Topsy-turvy Turbans Ruled Out By Mullah Omar
news.telegraph.co.uk ^
| 22 Nov 2001
| Alex Spillius
Posted on 11/22/2001 10:26:44 AM PST by AdrianZ
click here to read article
Navigation: use the links below to view more comments.
first 1-20, 21-40, 41-43 next last
1
posted on
11/22/2001 10:26:44 AM PST
by
AdrianZ
To: AdrianZ
Why anyone would follow this one-eyed,
illiterate moron defies logic.
To: AdrianZ
I think that some of the Mullah's homies in the Taleban were just trying do do some styling by wearing their turbans with the "gansta lean".

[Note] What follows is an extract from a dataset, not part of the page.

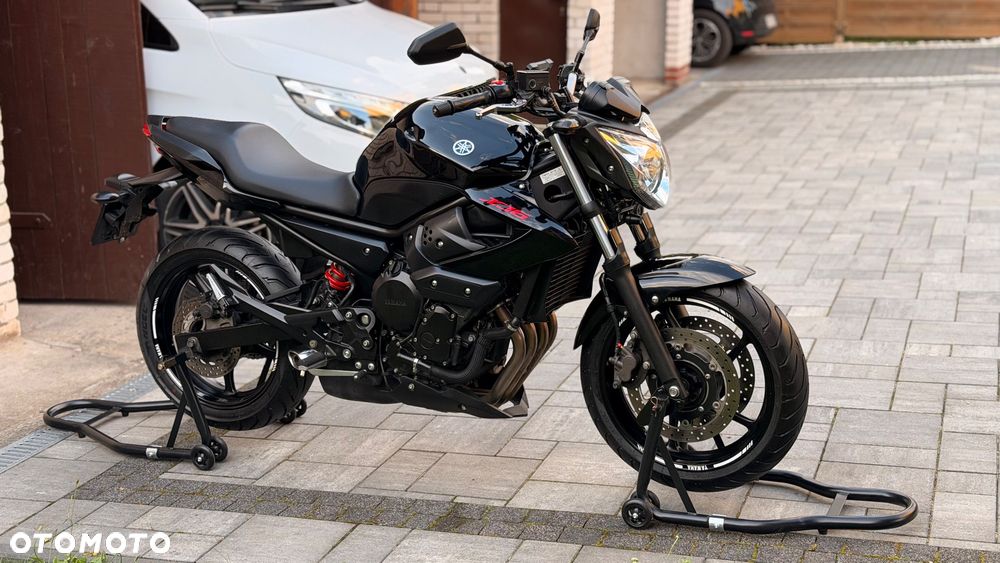 Yamaha XJ - 5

Makes it easier to pick up the hot Taleban groupie chicks.
To: AdrianZ
Sounds like flashbacks of Hitler in the Berlin Bunker. This guy is WAAAAAAY out there man.
To: AdrianZ
IN a typically eccentric rallying cry to his Taliban forces, Mullah Mohammed Omar has issued an edict to his officials and soldiers demanding that they wear their turbans straight. Arranging deck chairs on the Titanic.
To: AdrianZ
Aw, come on and let them wear their turbans topsy-turvy. After all, it helps in covering the bullet holes.
To: AdrianZ
What does he expect a turban to look like after a B52 run?
To: EggsAckley
ROFLMAO!!
My thoughts exactly...
8
posted on
11/22/2001 10:55:17 AM PST
by
Dog
To: AdrianZ
Gee the Taliban have been reduced to becoming the fashion police!
9
posted on
11/22/2001 10:56:00 AM PST
by
Happygal
To: AdrianZ
white paper bags (in case they were made with pages of the Koran)Wonder what color their toliet paper is.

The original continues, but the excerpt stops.